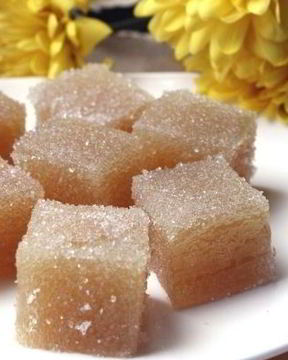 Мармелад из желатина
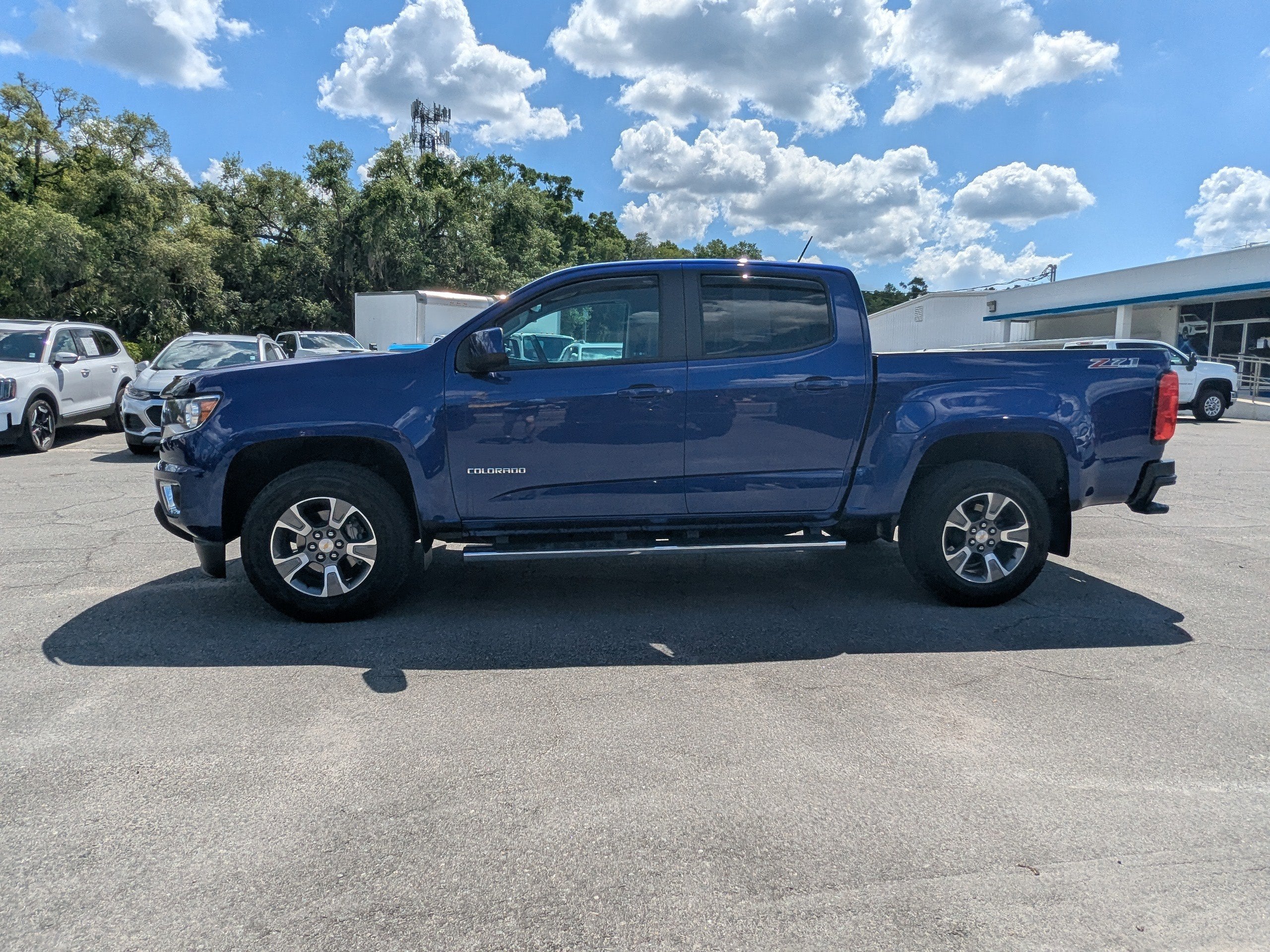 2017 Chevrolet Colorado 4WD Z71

* * *

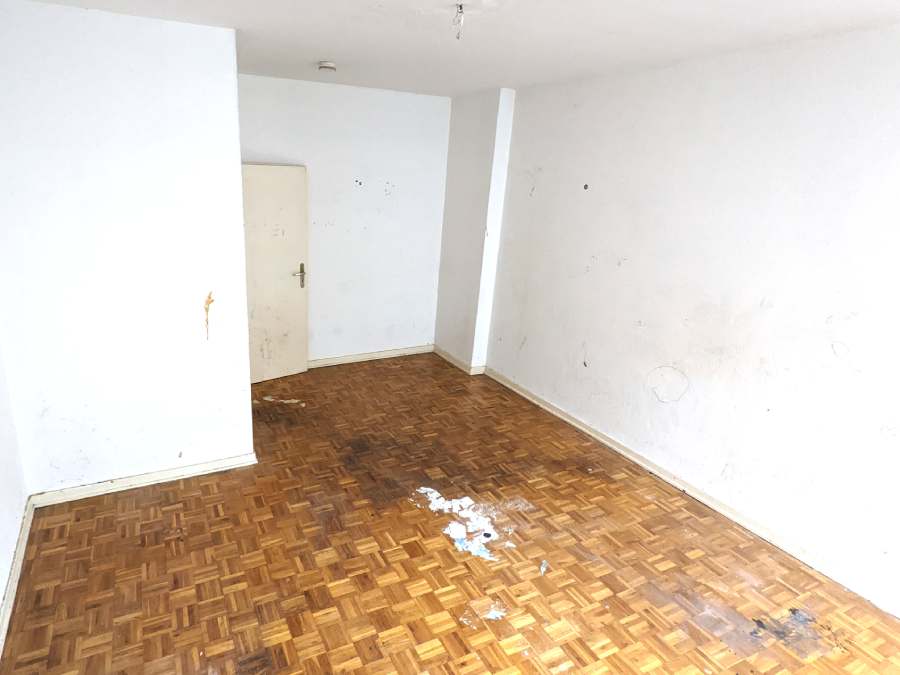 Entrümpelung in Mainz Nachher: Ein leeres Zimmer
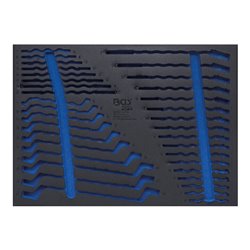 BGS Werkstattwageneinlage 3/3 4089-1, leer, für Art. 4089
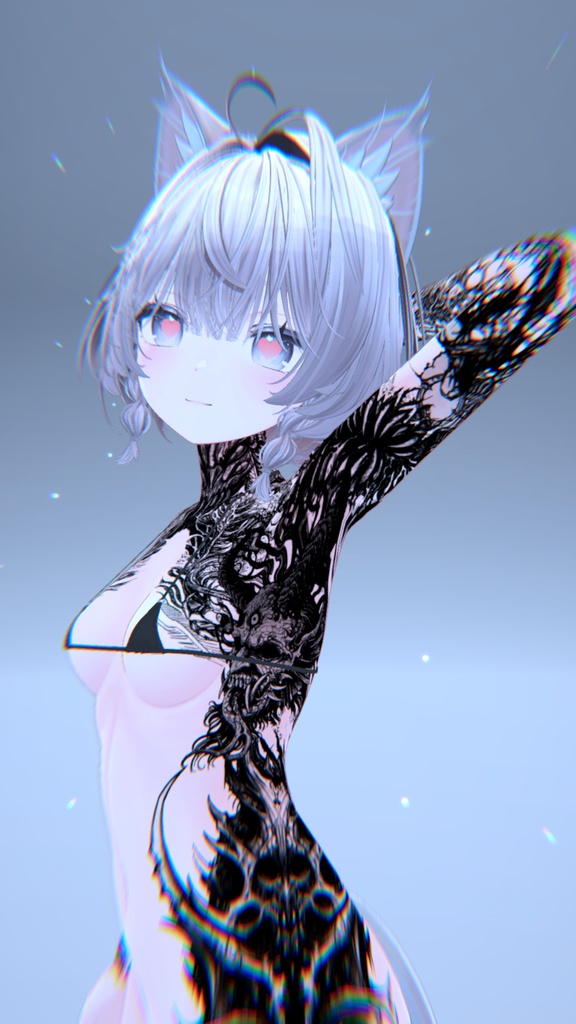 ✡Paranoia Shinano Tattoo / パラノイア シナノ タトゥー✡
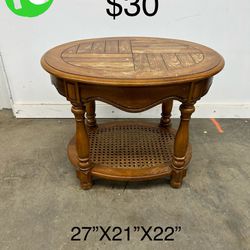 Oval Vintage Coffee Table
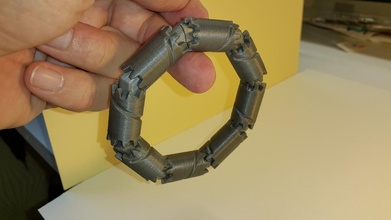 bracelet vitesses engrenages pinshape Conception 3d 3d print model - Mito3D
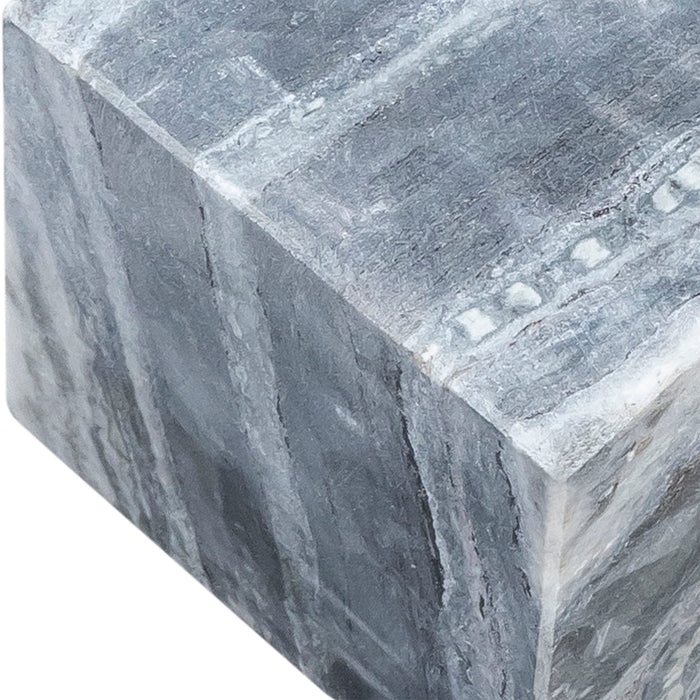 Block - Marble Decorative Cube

Try it. Only the lines above from the one containing "Мармелад из желатина" through the one containing "2017 Chevrolet Colorado 4WD Z71" should be returned, verbatim and inclusive, with pictures excluded.

Your solution.
 Мармелад из желатина
 2017 Chevrolet Colorado 4WD Z71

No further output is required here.